To me, looks like evidence that we can improve the keystroke efficiency of the T9 keyboard by rearranging the letter positions. But in real life, switching away from a standard layout for the sake of a very minor efficiency gain in a single language would cause far more problems than it would solve.

I don't intend for this work to be anything more than a curio, but I can speculate about a couple of avenues for application of these ideas:

Limited dexterity - For people with limited dexterity, would the reduction in button pressing on a 8-key keypad be worth the time to learn an unintuitive layout?
Retro-fitting input devices - In cases where alphabetical input has to be retro-fitted to an input device with a limited number of buttons (or space), having an efficient, optimised layout could be useful. That said, I was unable to think of any examples, so I'm not sure if use-cases like this really exist...
Niche domains - Since this approach is an optimisation, one could use such an approach to develop alternative layouts for specific domains. In other words, if you have to input lots of text that is very different from standard natural language, having the tools to develop a layout for your specific task could be useful (maybe?).

For serious applications, Optimal-T9: An Optimized T9-like Keyboard for Small Touchscreen Devices (Ryan Qin, Suwen Zhu, Yu-Hao Lin, Yu-Jung Ko, Xiaojun Bi; Paper, Talk) is a much more practical and thorough investigation of improving the T9 keyboard.

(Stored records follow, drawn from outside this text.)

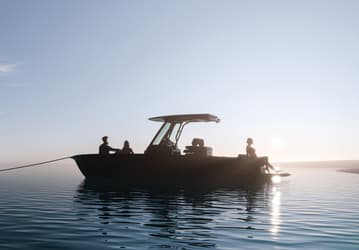 Стартап Arc представил свою третью модель электролодки – Arc Coast – с ценой от $168 000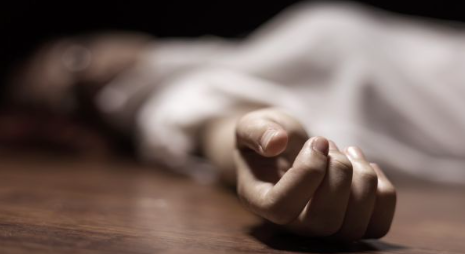 Warga di Gegerkan dengan Penemuan Mayat Perempuan di Dekat Selokan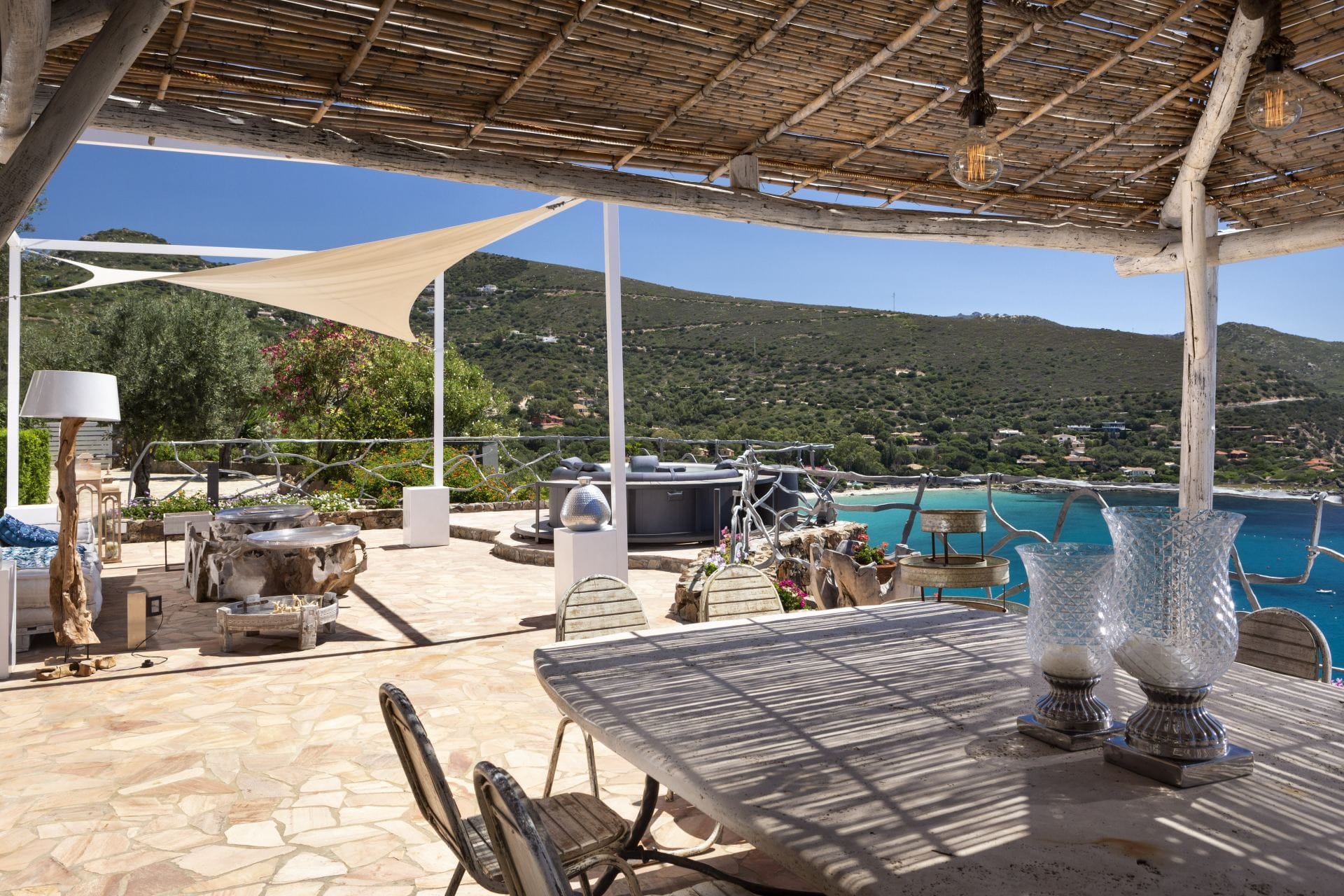 Villa Orchestra Sul Mare — luxury villa photo 90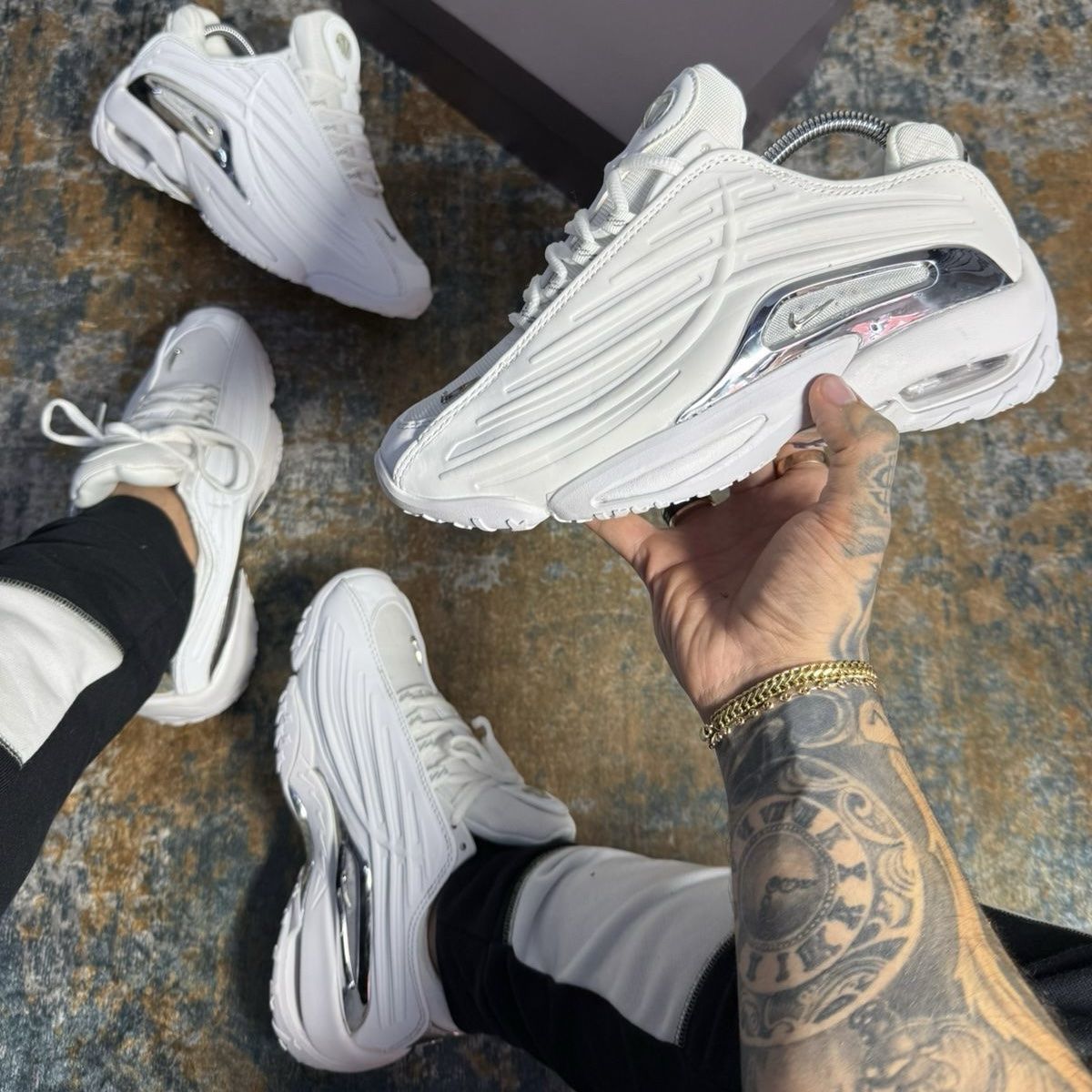 Nike NOCTA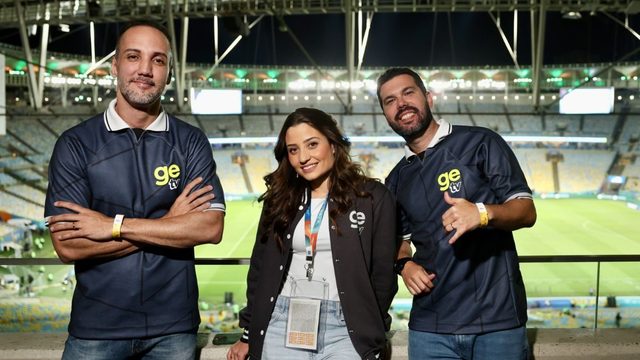 Brasil afina ofensiva digital para a Copa 2026: CazéTV com 104 jogos, Globo aposta em 2.000 influenciadores — Máquina do Esporte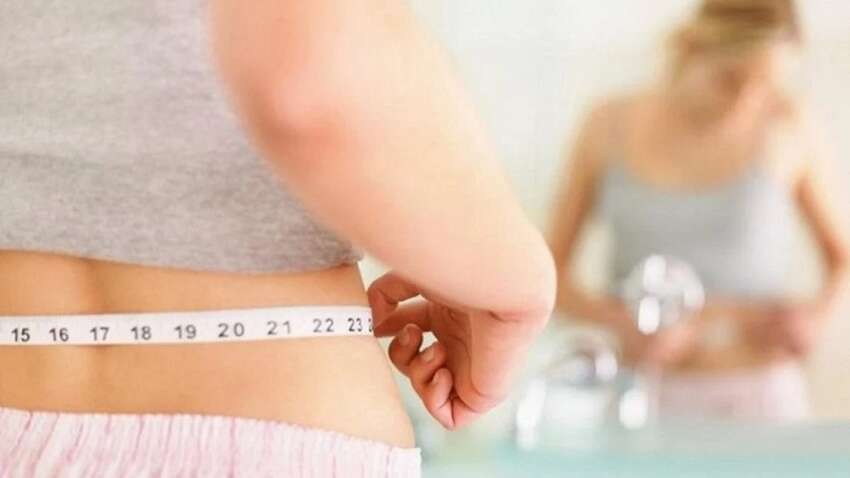 Забудьте о лишних килограммах: этот сенсационный секрет фигуры шокирует каждого 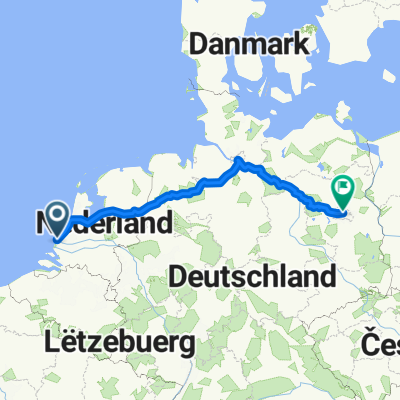 spring break option 2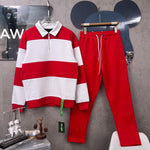 Branded Tracksuit
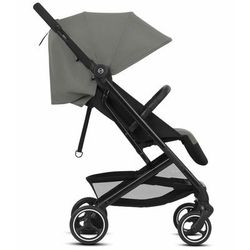 Cybex Beezy Compact Stroller - Soho Grey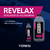 Revelador de Hologramas e Riscos Revelax Vonixx 500ml - loja online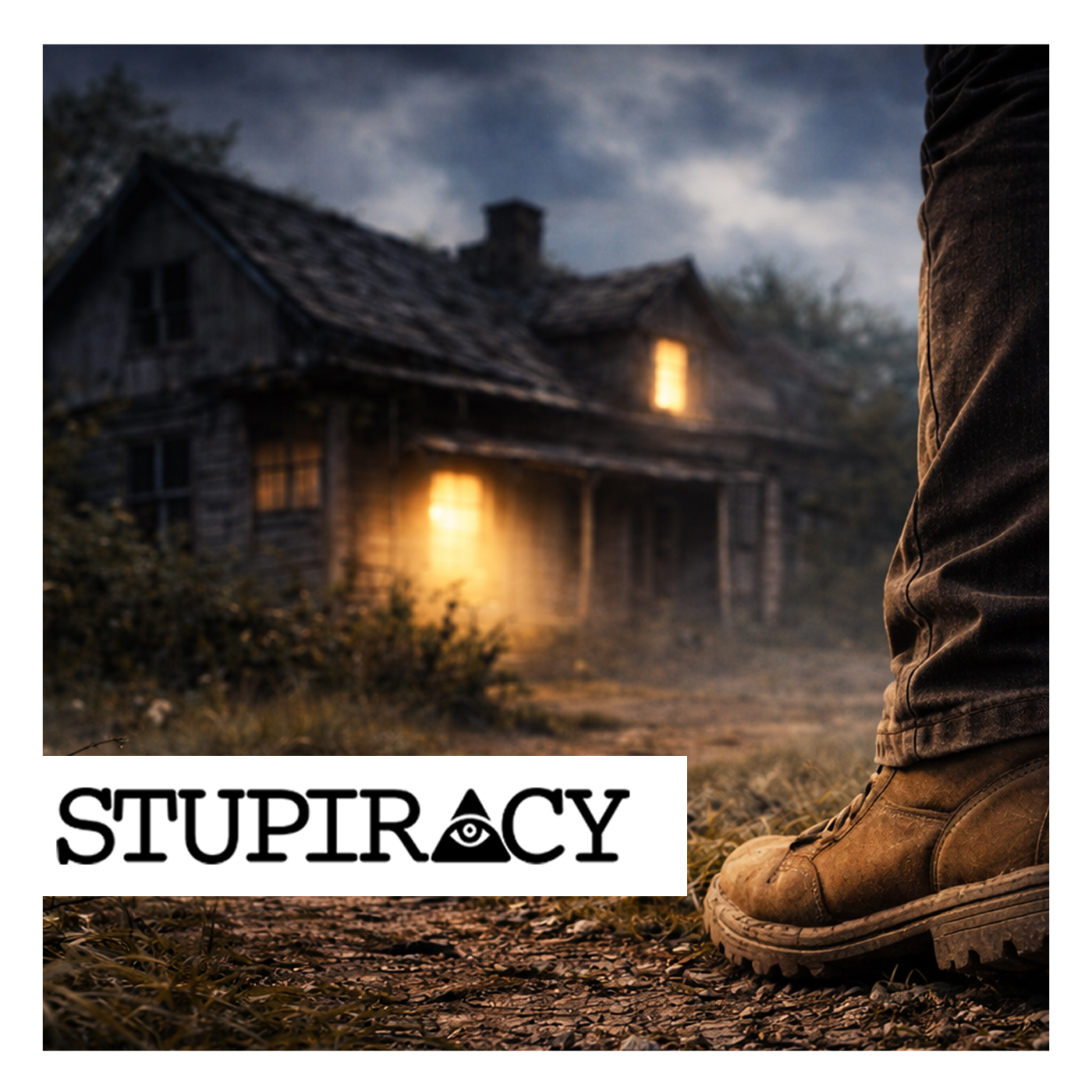 Can You Booby Trap Your House? The Weird Case Where the Burglar Won | S2: E11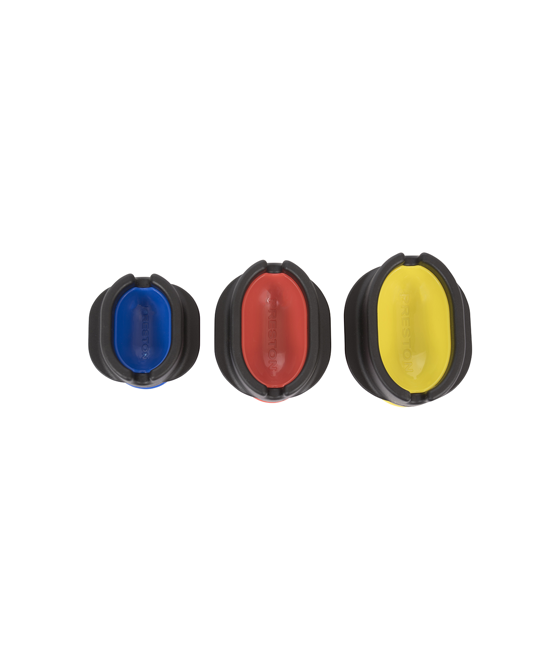 Foremka Wyciskana Preston Quick Release Method Moulds - Small
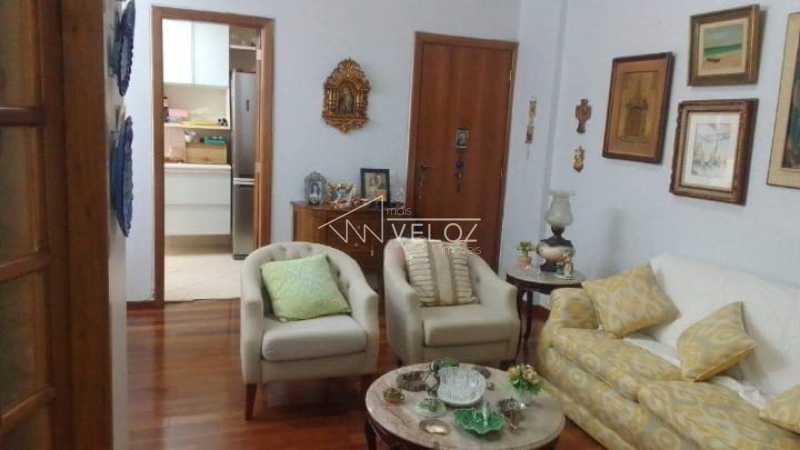 Apartamento à venda com 3 quartos, 91m² - Foto 7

In it, the authors develop a Qwerty-like layout on 9 keys that combines the space-efficiency of the T9 with the familiarity and typing speed of a Qwerty keyboard:

A user study showed that its average input speed was 17% faster than T9 and 26% faster than a T9-like layout from literature. Optimal-T9 also drastically reduced the error rate by 72% over a regular Qwerty keyboard. Subjective ratings were in favor of Optimal-T9: it had the lowest physical, mental demands, and the best perceived-performance among all the tested keyboards.

Appendix / future developments / ideas etc

Code for this project can be found on Github. I'd love to hear any feedback or ideas as issues, PRs or on Twitter.
I didn't spend any time tuning the genetic algorithm hyperparameters. It is possible that a little more performance could be eked out with some tuning.
Likewise, there's probably some scope to improve performance with more augmentation and transformation of the training data.
What would it be like to actually type on one of these keyboards? How quickly do you get used to the new layout? Is the improvement in keystroke efficiency noticeable?
What if we treated spaces and punctuation as just another character? Instead of using a dictionary to predict the text given the input (as in T9), we could use a language model to evaluate the most likely sentences typed. For long enough input sequences the statistics would bear out the correct character string. Perhaps this could enable us to reduce the number of input buttons down even further, maybe even down to... 2 inputs?